2020年3月17日、連邦巡回区控訴裁判所(「CAFC」)は、各判事の判断は分かれたが、地方裁判所の決定を覆し、胎児セルフリーDNAの断片を準備する方法(a method of preparing a fraction of fetal cell-free DNA)のクレームが35 U.S.C. §101に基づいて特許の保護対象として適格であると判示した。重要なことに、CAFCは、クレームが「準備する方法」に向けられたものであり、診断方法や治療方法の特許請求の範囲に向けられたものではないことを認めた。
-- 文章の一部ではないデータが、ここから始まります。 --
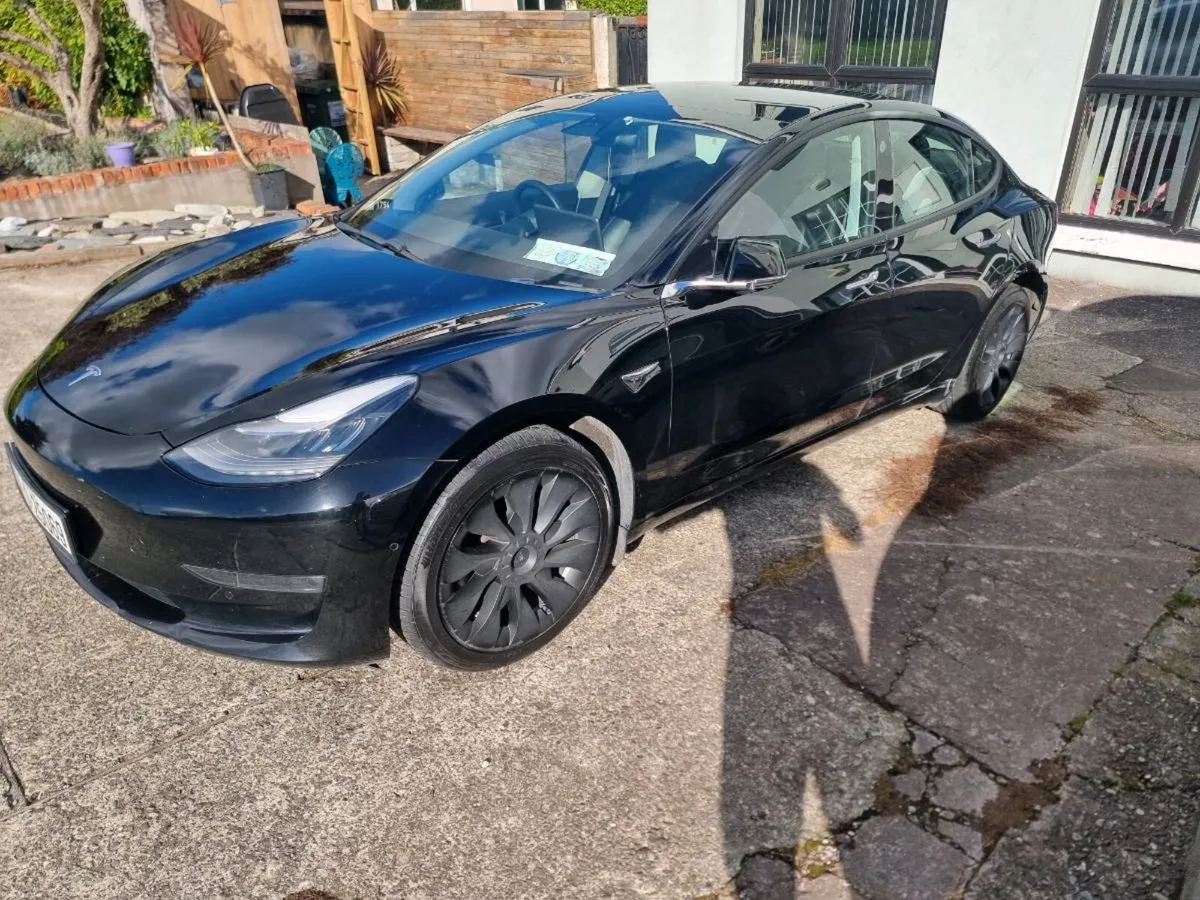 Tesla Model 3 Long Range AWD - Image 3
CAFCは、問題となっているクレームと診断方法のクレーム(これはMayo以降一貫して特許不適格とされている)および治療方法のクレーム(これは特許適格)とを区別し、診断の保護のための新しい道筋を潜在的に作り出した。

2015年、米国特許第6,258,540号(「’540特許」)は胎児セルフリーDNAの非常に小さな断片が母体血漿および血清中に存在するという発見を開示したものであり、クレームは胎児セルフリーDNAが母体血液中に存在するという自然現象にのみ向けられているとして、CAFCによって§101の下で無効とされた。Ariosa Diagnostics, Inc. v. Sequenom, Inc., 788 F.3d 1371 (Fed. Cir. 2015).
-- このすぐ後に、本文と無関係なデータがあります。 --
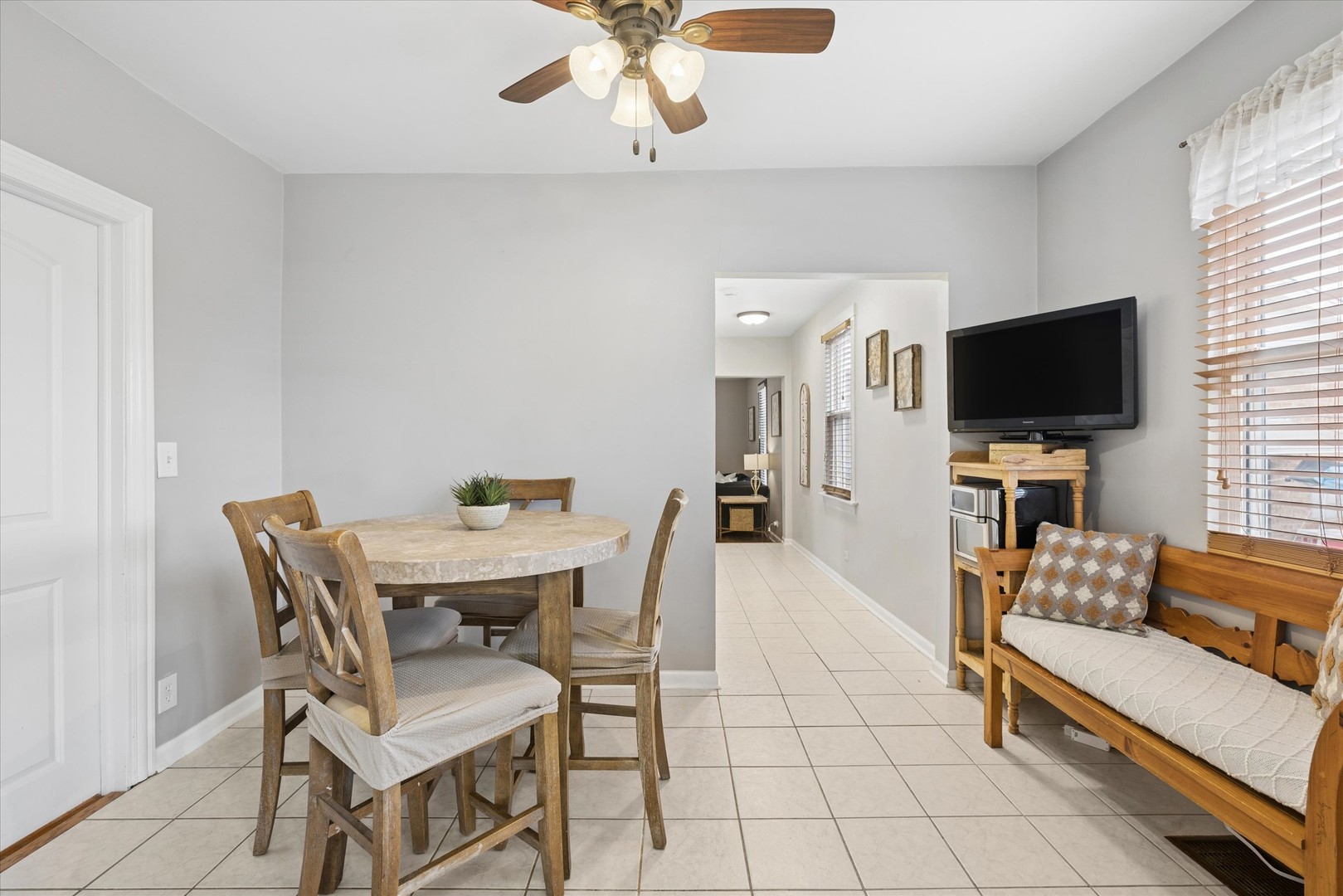 3317 N Osceola Avenue, Chicago, IL 60634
Illumina, Inc. v. Ariosa Diagnostics, Inc.では、問題のクレームは、より小さい胎児DNA断片(例えば、<500bp)を濃縮するために、より大きい母体DNA断片(例えば、>500bp)のサイズ識別および選択的除去によって、胎児DNAが濃縮されたセルフリーDNAの断片を準備する方法に向けられていた。CAFCは、特許適格性に関する最高裁の2部構成テストのステップ1の下で、クレームは自然現象そのものではなく、自然現象の発見を利用する適格な主題に向けられていると判断した。CAFCは、クレームが母体DNAと比較して胎児DNAの量を増加させるための特定のプロセス工程を含むとした。’540特許に関する以前の事例とは対照的に、追加のクレーム限定が自然現象をカバーするとされたが、CAFCは「本発明者らが胎児DNAが母体DNAより短いという現象の存在を観察するためだけでなく、胎児DNAが濃縮された混合物を準備するための方法の発見を活用するために、これらの具体的なプロセス工程を使用した」ことから、本クレームが適格であることを見出した。
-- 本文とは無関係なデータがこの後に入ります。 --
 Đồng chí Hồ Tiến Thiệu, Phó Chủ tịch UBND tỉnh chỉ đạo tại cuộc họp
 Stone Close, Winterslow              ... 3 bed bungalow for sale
Illumina, Inc. v. Ariosa Diagnostics, Inc.からの重要なポイントは、自然現象を利用する準備方法が特許適格であり得ることを示していることである。CAFCは、対象のクレームが診断方法に向けられていないことを特に強調した。CAFCは特定の細胞型の凍結に関連して、Rapid Litigation Management Ltd. v. CellzDirect, Inc., No. 15-1570 (Fed. Cir. 2016年7月5日で特許性が認められたクレームと問題のクレームとを類似したものであるとした。無効であるとされた他の胎児DNAの試験法とは異なり、問題のクレームが自然現象を利用する特定の方法に向けられたものであり、クレームされた方法が一般的なプロセス工程を含んでいたとしても特許性があり得ることを強調した。

Allison DobsonはKilpatrick Townsend & Stockton, LLPノースカロライナ州ウィンストンセーラムオフィスのカウンセル、Christopher ThomasはワシントンDCオフィスのアソシエイト。

表明された意見は著者のものであり、必ずしも事務所またはそのクライアントの見解を反映するものではない。本稿は一般的な情報目的のためのものであり、法律上の助言であることを意図したものではなく、法律上の助言とみなすべきではない。